Dans une dernière tentative, nous prenons contact avec Archives du Maroc. Son directeur, Jamaa Baïda, explique que les documents de son organisme s’arrêtent au 20e siècle. Remonter plus loin dans le temps serait, pour ainsi dire, comme chercher une aiguille dans une botte de foin. «Dans l’absolu, il n’existe pas de copie des dahirs octroyés. Il revient aux familles qui les ont reçus de les préserver. Il est, toutefois, possible d’en trouver une trace dans un registre de l’administration, ce qui est très difficile», nous précise-t-il. Le directeur nous oriente, à son tour, vers la direction des archives royales. Tous les chemins nous ramènent vers cette institution, où nous retournons. Mais, cette fois-ci, afin de rencontrer sa directrice, Bahija Simou. A l’entrée, le même fonctionnaire nous assure, encore une fois, que ce que nous cherchons se trouve au ministère de l’Intérieur. Contre toute attente, la directrice accepte aimablement de nous recevoir sans rendez-vous préalable. Elle confirme que son département, dont les archives ont été numérisées, est le plus à même de répondre à notre demande. Bahija Simou s’étonne aussi que nous n’ayons pas sollicité sa direction avant de faire le tour de toutes les autres institutions. Quelle ne fut sa surprise de découvrir tout le périple effectué avant de parvenir jusqu’à elle. Après avoir sermonné le fonctionnaire, elle accepte d’accéder à notre requête. «Imaginez qu’un chercheur d’une contrée lointaine se soit déplacé en autocar pour se rendre jusqu’ici afin de trouver des réponses, et que vous lui donniez des informations erronées! Vous lui auriez fait perdre son temps et son argent», lui a-t-elle assené.

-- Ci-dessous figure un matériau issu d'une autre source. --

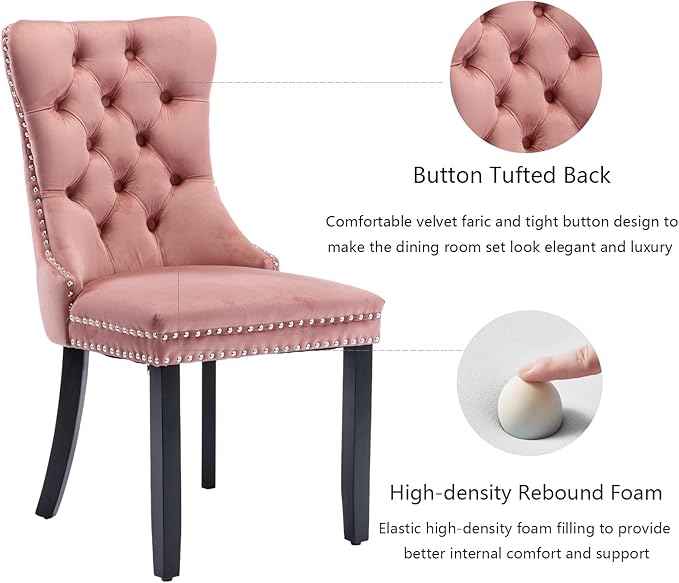 Pink Velvet Dining Chairs Set of 2, Upholstered Dining Room Chairs with Back Ring Pull Trim and Solid Wood Legs, Tufted Wingback Kitchen Chairs for Dining Room,Living Room,Kitchen(Pink)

Cela dit, explorer des archives, surtout parmi les plus anciennes, n’est pas une mince affaire. Quatre mois après notre requête, nous attendons toujours des nouvelles sur d’éventuelles traces du marabout et du caïd Aïssa Ben Nbiga. Les archives de la direction couvrent toute la dynastie alaouite, depuis son fondateur, le sultan My Chérif.

La grande problématique des archives

Le chemin est encore long avant que les archives ne soient correctement gérées au Maroc. Les préserver est d’abord une question de culture. Mis à part les spécialistes du domaine, comme Archives du Maroc, ou encore la direction des archives royales, les autres ne possèdent pas tous cette culture. Ils ne disposent pas non plus des compétences nécessaires. «Le fait que les archives soient réparties entre plusieurs organismes n’est pas vraiment un problème. La question qui se pose est celle de la gestion scientifique de ce patrimoine. Cela n’est pas donné à tout le monde», regrette Bahija Simou, directrice des archives royales.